Bu sırada Albanita diyor ki; "1453'te büyük savaş yapılırken; Rumlar ellerindeki çiçeklerle burada toplanmış, Konstantinopolis düşmesin diye güllerle süsledikleri Ayia Thedosia'da dua etmişler." İşte 'Gül Camii' adı buradan geliyor. Albanita sözüne devamla, "Hatta fetih tamamlandığında askerler şehre girip gülleri görünce büyük bir şaşkınlığa kapılmışlar" diyor.


Son Bizans İmparatoru XI. Konstantin, Gül Camii'nin altında yatıyor
. Surları savunurken verdiği mücadele yine kulaklarda çınlıyor.
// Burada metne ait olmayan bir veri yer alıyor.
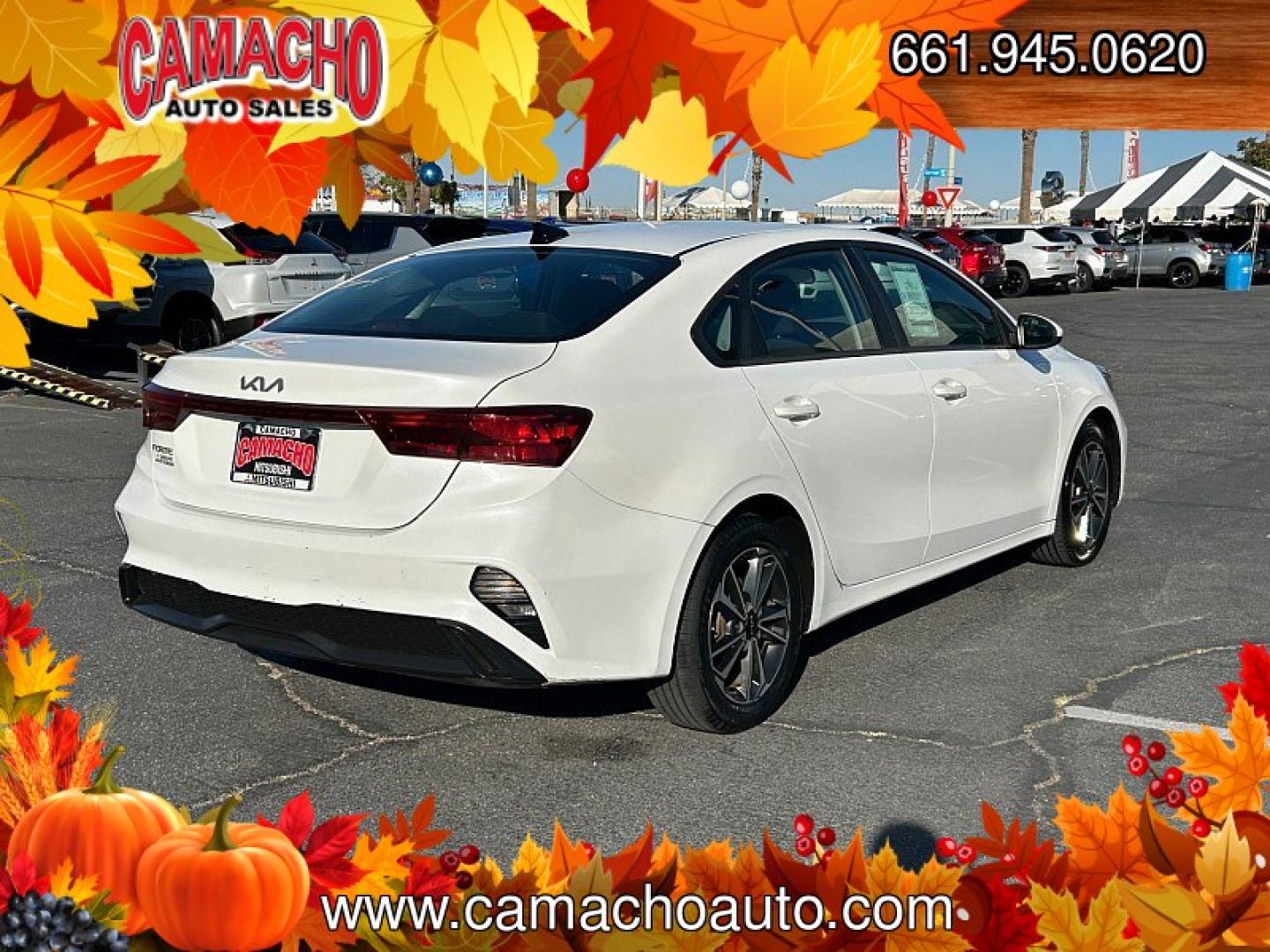2022 WHITE Kia Forte (3KPF24AD8NE) with an 4-Cyl 2.0 Liter engine, Automatic IVT transmission, located at 412 Auto Vista Drive, Palmdale, CA, 93551, (661) 945-0620, 34.592636, -118.136681- Photo#6
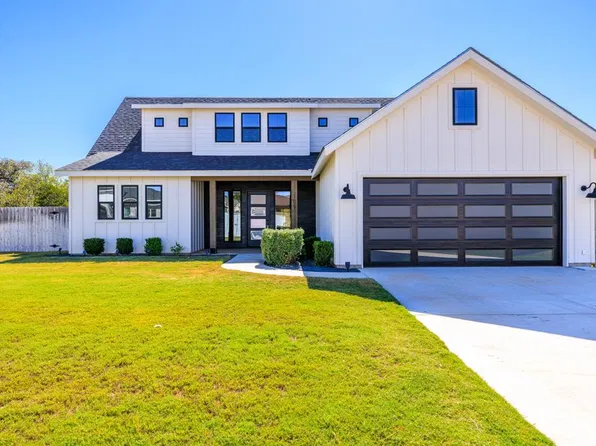 109 Parlin Ln, Fredericksburg, TX 78624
Bir asır önce İstanbul'da 60 kadar Rum okulu varken; bugünlerde bir el parmakları kadar yok. Balat'ın kapı komşusu Fener'deki Rum Lisesi hâlâ eğitim vermeyi sürdürüyor. Genç kızların genç erkeklerin, son kral Dragases'in acı yüklenen çığlıklarına kaygısızca gülüşmeleri duyuluyor.


Biraz gerideki Rum Patrikhanesi'nin kapalı tutulan 'ana giriş' kapısı siyahlar içinde matem çağrıştırıyor. "Boşuna değil" diyor Albanita, "1821'de Mora Yarımadası'ndaki isyanlardan V. Gregorios sorumlu tutuluyor ve patrik, giriş kapısında asılıyor. Burası matem kapısı olarak kalıyor."


Duvarında 'çift başlı' Bizans kartalı dikkat çeken patrikhane içinde Aya Yorgi Kilisesi bulunuyor. Kapadokya'da doğan gemicilerin azizi St. George'a atfedilen kilise, 1720'den bugünlere gelmeyi başarıyor. Roma ve İstanbul'da bulunan batı ile doğu kiliseleri 'büyük şüphe' ile 1054'te ayrılınca; azizler patrik Vasilis, Gregorios ve Yuhanna'nın rölikleri, Rum Patrikhanesi'nde kalıyor; bugün de dindarlara açık bulunuyor.


Fener Patrikhanesi
'ndeki gül ağacından ikonostasion 40 yılda tamamlanabilirken; Hz. İsa'nın hayatından ikonalar ve azizlerin lahitleri üzerinde yer alıyor. Eğer Bizans Dönemi'ndeki kiliselerin en parlak günlerinde nasıl olduğunu merak ediyorsanız, burada görülüyor.

Altın ikonalar gün ışığıyla parlarken; mütevazı diğer dekorasyon öğeleri ile tezatlık oluşturuyor. Yan nartekste tabutların içinde azizeler Theofano, Solomoni ve Eufemia'nın rölikleri bulunuyor. 


Rum Patrikhanesi'ni geride bırakıp Panayia Muhliotissa'ya, yani Meryemî Kilisesi'ne varıldığında; "Hiçbir dönemde camiye dönüştürülmemiş tek kilise" olduğu öğreniliyor. Çünkü yedi tepe İstanbul'un dördüncü tepesindeki Fatih Camii'nin 'atik Sinan' denilen Rum mimarı Khristodulos, padişah Mehmed Han'dan "Cemaatimizin ibadet yeri, kilise olarak kalabilir mi" diyerek ricacı oluyor. Bununla ilgili Sultan II. Mehmed'in fermanı, Fener Patrikhanesi'nde; kopyası ise 1261'de yapılan Bizans prensesi Maria Kilisesi'nde 567 yıldır duruyor.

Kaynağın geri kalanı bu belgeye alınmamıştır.